Division of Clinical Epidemiology and Aging Research, German Cancer Research Center (DKFZ), Heidelberg, Germany.
Saarland Cancer Registry, Saarbrücken, Germany.
Int J Cancer. 2020 May 15;146(10):2773-2783. doi: 10.1002/ijc.32610. Epub 2019 Aug 29.
Helicobacter pylori (H. pylori) infection is considered as principal cause of gastric cancer. It is further associated with a reduced risk of esophageal adenocarcinomas. In a large prospective population-based cohort study including 9,949 subjects with average observation time of 13.8 years, we assessed the risk of invasive gastric and esophageal cancer according to H. pylori infection and presence of chronic atrophic gastritis (CAG). Incidence rates and hazard ratios (HR) derived by Cox proportional hazards models and adjusted for relevant confounders were derived by seroprevalence of H. pylori and cytotoxin-associated gene A (CagA) antibodies and presence of CAG based on serological markers at baseline, respectively. During follow-up, 30 cases of noncardia gastric cancer and 33 cases of esophageal cancer were observed. Infection by H. pylori without and with expression of CagA was associated with a 5.2-fold (95% confidence interval 1.00-27.1) and an 18.2-fold (4.3-77.4) increase of noncardia gastric cancer incidence. A 0.65-fold decreased risk of esophageal adenocarcinomas (HR 0.35, 0.12-0.97) was observed among H. pylori-infected individuals. In participants infected with CagA expressed H. pylori, the presence of mild/moderate and severe CAG was associated with a 6.4-fold (1.3-31.0) and an 11.8-fold (3.1-45.4) increase of gastric cancer incidence, respectively. The results of this prospective population-based cohort study may contribute relevant evidence to the ongoing research of H. pylori-related cancers. The results may furthermore enhance the empirical basis for risk stratification among H. pylori-infected people and for recommendations regarding H. pylori screening and treatment among older adults in a Western population.

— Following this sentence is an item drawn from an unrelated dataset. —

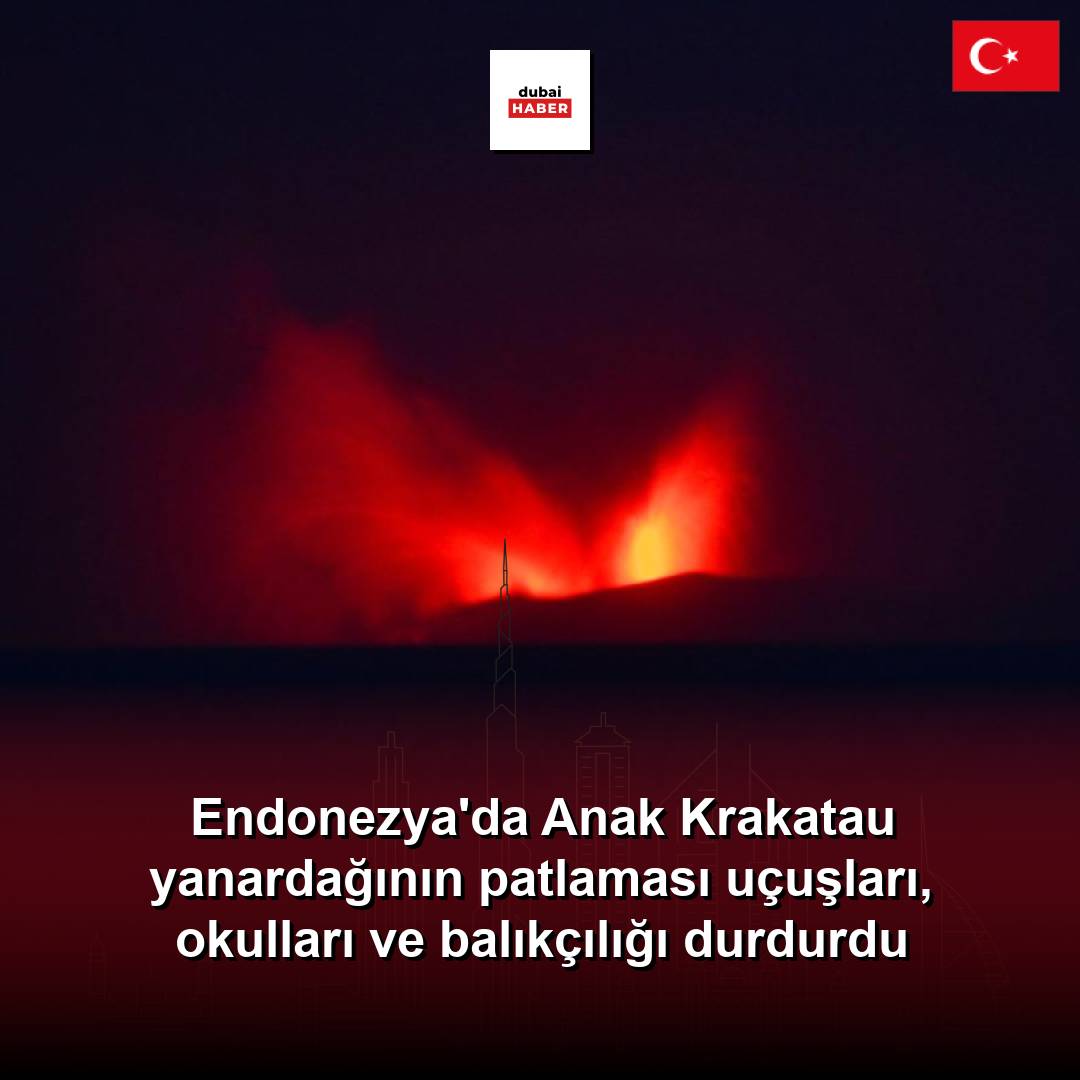 Endonezya'da Anak Krakatau yanardağının patlaması uçuşları, okulları ve balıkçılığı durdurdu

幽门螺杆菌(H. pylori)感染被认为是胃癌的主要病因。它还与食管腺癌风险降低有关。在一项包括 9949 名受试者的大型前瞻性基于人群的队列研究中,我们根据 H. pylori 感染和慢性萎缩性胃炎(CAG)的存在评估了侵袭性胃癌和食管癌的风险。通过 Cox 比例风险模型得出的发病率和风险比(HR),并根据基线时血清学标志物的 H. pylori 和细胞毒素相关基因 A(CagA)抗体的血清阳性率以及 CAG 的存在进行了调整。在随访期间,观察到 30 例非贲门胃癌和 33 例食管癌。未表达 CagA 的 H. pylori 感染和表达 CagA 的 H. pylori 感染与非贲门胃癌发病率分别增加 5.2 倍(95%置信区间 1.00-27.1)和 18.2 倍(4.3-77.4)相关。在感染 H. pylori 的个体中,观察到食管腺癌风险降低 0.65 倍(HR 0.35,0.12-0.97)。在感染 CagA 表达 H. pylori 的参与者中,轻度/中度和重度 CAG 的存在与胃癌发病率分别增加 6.4 倍(1.3-31.0)和 11.8 倍(3.1-45.4)相关。这项前瞻性基于人群的队列研究的结果可能为正在进行的 H. pylori 相关癌症研究提供相关证据。此外,这些结果还可以为 H. pylori 感染人群的风险分层以及西方人群中老年人群 H. pylori 筛查和治疗的建议提供更多的经验依据。